_Goal of the exercise_
Every line below that holds the word "Electric" counts once; please tally them and give only the total.

Content starts

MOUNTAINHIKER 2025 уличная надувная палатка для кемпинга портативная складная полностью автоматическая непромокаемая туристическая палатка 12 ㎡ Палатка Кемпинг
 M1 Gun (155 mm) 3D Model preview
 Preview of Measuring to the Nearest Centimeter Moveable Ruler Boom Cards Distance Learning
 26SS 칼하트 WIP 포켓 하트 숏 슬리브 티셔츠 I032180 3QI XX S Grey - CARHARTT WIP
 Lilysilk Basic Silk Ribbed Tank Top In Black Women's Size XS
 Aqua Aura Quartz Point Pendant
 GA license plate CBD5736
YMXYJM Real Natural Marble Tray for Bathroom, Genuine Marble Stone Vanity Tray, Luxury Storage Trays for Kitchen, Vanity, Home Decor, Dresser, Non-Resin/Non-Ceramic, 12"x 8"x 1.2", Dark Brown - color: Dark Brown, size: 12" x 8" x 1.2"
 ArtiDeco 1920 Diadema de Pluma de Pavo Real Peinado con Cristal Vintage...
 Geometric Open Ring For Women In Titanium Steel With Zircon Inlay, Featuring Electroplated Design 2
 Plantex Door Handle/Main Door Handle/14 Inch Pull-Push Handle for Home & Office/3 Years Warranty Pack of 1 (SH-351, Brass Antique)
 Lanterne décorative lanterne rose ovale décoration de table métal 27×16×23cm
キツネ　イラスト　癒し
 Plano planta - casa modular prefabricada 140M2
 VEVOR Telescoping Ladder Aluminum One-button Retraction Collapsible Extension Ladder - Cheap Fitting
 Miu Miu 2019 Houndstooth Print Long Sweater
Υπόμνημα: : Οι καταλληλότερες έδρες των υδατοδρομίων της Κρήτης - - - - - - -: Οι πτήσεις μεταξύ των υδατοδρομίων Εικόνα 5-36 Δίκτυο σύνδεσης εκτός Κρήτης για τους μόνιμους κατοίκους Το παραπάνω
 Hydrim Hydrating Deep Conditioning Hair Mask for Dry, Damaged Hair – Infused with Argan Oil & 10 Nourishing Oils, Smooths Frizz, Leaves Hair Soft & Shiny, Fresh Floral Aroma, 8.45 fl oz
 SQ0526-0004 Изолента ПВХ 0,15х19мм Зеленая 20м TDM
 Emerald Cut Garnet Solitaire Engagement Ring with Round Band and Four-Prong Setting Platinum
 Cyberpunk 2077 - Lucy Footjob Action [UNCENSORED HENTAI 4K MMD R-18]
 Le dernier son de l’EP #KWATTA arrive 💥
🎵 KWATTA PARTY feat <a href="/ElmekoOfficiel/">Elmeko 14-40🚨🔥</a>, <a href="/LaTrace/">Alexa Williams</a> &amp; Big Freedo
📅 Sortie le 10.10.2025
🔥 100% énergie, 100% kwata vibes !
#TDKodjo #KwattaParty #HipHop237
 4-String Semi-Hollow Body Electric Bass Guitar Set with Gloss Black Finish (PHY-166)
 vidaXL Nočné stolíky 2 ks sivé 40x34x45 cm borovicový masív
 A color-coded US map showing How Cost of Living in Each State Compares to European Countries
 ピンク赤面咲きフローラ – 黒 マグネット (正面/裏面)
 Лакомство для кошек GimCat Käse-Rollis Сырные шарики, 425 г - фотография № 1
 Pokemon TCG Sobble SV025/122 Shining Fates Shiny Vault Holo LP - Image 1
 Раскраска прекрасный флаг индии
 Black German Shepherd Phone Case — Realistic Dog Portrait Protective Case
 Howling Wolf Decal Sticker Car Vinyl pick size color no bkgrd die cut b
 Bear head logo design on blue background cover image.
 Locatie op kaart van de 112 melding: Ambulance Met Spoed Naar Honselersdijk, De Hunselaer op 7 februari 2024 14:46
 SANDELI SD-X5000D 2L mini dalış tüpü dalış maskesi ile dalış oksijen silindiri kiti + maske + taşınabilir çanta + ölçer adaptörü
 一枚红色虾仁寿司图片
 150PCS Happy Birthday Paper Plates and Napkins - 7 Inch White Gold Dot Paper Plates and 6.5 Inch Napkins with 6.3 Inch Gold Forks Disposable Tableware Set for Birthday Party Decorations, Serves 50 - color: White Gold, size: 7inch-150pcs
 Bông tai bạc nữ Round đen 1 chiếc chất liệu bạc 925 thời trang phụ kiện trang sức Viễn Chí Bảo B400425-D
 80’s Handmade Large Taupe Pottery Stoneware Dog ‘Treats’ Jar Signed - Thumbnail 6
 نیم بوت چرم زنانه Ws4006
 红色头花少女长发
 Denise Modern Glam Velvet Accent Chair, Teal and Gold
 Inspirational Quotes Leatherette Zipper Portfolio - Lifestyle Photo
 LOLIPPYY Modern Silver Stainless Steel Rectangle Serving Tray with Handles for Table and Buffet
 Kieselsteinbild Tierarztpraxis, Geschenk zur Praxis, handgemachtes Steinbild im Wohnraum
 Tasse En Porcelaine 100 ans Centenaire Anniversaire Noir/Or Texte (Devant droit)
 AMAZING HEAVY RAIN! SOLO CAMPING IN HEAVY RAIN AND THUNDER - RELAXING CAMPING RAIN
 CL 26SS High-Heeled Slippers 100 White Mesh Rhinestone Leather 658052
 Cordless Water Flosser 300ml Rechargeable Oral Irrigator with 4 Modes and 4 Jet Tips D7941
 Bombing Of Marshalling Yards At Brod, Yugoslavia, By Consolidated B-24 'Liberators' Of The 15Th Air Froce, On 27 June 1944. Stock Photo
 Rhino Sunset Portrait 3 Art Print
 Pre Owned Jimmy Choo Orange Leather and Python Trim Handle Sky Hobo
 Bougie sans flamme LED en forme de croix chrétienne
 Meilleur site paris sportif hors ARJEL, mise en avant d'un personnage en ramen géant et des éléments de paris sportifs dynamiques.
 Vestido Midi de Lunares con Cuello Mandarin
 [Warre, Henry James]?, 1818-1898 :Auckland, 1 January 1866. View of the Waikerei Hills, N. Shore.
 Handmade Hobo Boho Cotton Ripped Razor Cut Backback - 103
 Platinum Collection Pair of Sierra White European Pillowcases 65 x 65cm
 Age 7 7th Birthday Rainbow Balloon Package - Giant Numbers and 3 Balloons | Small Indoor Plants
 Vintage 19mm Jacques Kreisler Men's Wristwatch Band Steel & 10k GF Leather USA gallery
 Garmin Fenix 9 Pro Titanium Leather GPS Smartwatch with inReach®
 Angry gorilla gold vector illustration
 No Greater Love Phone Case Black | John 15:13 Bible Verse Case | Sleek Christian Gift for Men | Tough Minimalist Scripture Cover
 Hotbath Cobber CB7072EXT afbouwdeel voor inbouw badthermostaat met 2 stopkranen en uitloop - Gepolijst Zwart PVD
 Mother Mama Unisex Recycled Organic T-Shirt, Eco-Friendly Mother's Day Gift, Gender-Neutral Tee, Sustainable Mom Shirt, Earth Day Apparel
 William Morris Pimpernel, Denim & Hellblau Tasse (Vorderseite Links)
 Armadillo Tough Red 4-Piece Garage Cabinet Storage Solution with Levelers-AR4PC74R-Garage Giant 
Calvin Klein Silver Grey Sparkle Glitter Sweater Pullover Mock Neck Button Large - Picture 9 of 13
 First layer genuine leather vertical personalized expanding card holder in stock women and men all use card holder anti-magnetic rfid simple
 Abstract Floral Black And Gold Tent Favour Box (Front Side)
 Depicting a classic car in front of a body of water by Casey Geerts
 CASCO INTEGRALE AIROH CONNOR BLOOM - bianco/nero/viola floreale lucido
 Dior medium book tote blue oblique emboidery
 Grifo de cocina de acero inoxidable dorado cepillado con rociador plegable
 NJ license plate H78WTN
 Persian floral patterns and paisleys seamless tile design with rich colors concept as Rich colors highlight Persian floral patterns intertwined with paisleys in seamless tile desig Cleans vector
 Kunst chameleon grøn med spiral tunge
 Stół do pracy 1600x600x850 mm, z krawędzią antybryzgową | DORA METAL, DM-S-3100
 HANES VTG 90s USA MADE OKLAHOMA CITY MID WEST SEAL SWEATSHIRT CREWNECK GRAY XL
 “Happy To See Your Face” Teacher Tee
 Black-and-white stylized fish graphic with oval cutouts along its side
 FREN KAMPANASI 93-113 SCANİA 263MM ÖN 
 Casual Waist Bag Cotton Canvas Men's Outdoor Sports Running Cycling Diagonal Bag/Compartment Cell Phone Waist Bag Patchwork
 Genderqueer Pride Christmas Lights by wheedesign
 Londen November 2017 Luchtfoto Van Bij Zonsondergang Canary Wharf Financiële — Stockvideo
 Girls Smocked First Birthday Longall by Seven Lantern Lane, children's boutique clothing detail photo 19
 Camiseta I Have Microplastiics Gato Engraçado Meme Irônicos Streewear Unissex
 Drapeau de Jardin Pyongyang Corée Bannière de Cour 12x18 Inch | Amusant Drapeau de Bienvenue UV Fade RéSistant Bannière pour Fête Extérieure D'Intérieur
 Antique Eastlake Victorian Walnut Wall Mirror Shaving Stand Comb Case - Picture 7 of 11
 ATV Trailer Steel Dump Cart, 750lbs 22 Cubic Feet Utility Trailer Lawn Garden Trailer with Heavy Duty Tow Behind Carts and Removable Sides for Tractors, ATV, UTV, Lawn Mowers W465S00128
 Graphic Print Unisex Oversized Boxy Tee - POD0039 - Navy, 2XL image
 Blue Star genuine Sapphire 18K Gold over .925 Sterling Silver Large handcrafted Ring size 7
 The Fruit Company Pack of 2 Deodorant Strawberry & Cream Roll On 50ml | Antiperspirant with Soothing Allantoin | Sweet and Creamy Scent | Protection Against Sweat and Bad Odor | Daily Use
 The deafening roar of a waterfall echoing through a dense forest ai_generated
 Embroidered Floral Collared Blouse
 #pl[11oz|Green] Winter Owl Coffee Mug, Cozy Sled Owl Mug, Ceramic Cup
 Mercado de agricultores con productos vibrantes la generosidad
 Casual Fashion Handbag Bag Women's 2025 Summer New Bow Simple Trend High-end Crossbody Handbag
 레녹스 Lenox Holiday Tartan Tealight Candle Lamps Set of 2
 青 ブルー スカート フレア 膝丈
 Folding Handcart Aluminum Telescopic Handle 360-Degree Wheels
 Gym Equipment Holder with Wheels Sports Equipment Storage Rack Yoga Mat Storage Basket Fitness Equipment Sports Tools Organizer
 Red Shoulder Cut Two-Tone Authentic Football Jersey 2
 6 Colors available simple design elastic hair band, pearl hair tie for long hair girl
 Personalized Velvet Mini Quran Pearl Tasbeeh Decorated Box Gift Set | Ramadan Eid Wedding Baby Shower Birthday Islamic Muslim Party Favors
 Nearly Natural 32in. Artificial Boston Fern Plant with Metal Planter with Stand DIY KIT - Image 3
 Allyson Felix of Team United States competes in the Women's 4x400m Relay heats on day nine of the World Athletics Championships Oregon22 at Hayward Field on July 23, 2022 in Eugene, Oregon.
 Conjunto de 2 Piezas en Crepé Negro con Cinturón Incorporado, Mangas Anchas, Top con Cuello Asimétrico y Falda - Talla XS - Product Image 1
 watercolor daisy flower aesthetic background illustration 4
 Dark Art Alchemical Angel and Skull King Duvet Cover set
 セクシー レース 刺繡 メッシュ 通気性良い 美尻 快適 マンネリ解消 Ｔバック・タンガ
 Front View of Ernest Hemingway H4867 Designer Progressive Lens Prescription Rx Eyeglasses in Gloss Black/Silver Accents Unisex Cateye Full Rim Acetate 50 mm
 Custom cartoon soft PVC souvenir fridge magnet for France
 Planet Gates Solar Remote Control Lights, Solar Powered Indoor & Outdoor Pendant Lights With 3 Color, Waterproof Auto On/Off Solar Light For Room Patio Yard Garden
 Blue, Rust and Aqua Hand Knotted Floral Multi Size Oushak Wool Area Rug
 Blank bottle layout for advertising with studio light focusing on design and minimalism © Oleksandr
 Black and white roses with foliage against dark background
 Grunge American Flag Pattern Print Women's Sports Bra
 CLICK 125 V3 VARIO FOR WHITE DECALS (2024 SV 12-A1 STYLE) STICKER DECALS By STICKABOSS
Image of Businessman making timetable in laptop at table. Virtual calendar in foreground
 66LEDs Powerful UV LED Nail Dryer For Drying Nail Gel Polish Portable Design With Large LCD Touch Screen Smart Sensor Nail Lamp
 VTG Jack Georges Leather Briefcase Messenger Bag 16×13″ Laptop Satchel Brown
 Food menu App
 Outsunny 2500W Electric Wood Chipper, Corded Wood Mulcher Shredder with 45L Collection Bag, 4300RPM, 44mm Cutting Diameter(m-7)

Content ends

_Response to the task_
2